Batch time varies severely across training time

Pointcept / PointTransformerV3

[CVPR'24 Oral] Official repository of Point Transformer V3 (PTv3)

MIT License

583 stars 30 forks source link

Batch time varies severely across training time #33

Open warriorsniu opened 2 months ago

warriorsniu commented 2 months ago

I run the semseg-pt-v3m1-0-rpe experiment on the S3DIS dataset with batchsize 4 and 4 3090 24GB gpus. And the num_worker is set to 12. The training batch time is relatively stable and fast at the beginning. However, it could be stuck for a few seconds, sometimes 40 seconds and even more. I also checked the time cost in different steps in run_step() and I found that the backward step could be the bottleneck. Is it common? Would you please give me some suggestions about the problem? Thanks a lot!

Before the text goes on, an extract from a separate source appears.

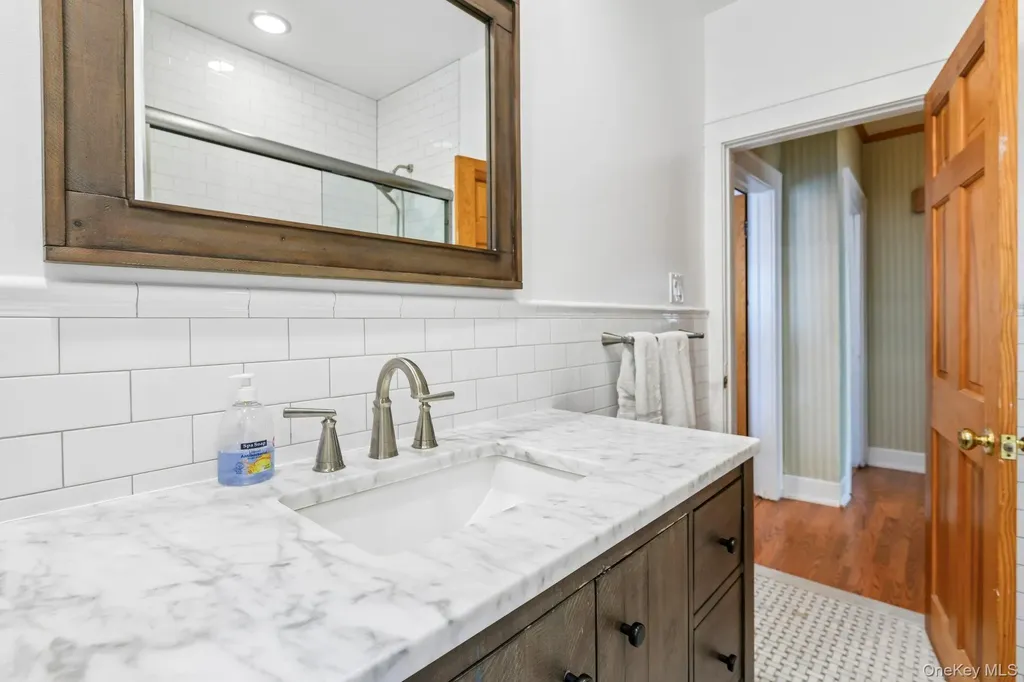 40 Hollywood Court Rockville Centre NY 11570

Gofinge commented 2 months ago

Hi, we noticed that S3DIS exists in two huge scenes in Area_2, which caused a large amount of data time. Maybe splitting the two scenes into multiple splits is a good solution.

warriorsniu commented 2 weeks ago

Thanks for your reply. However, as shown in the figure, the most time-consuming step is the backward step (stuck for nearly one minute). What could be the reason for that？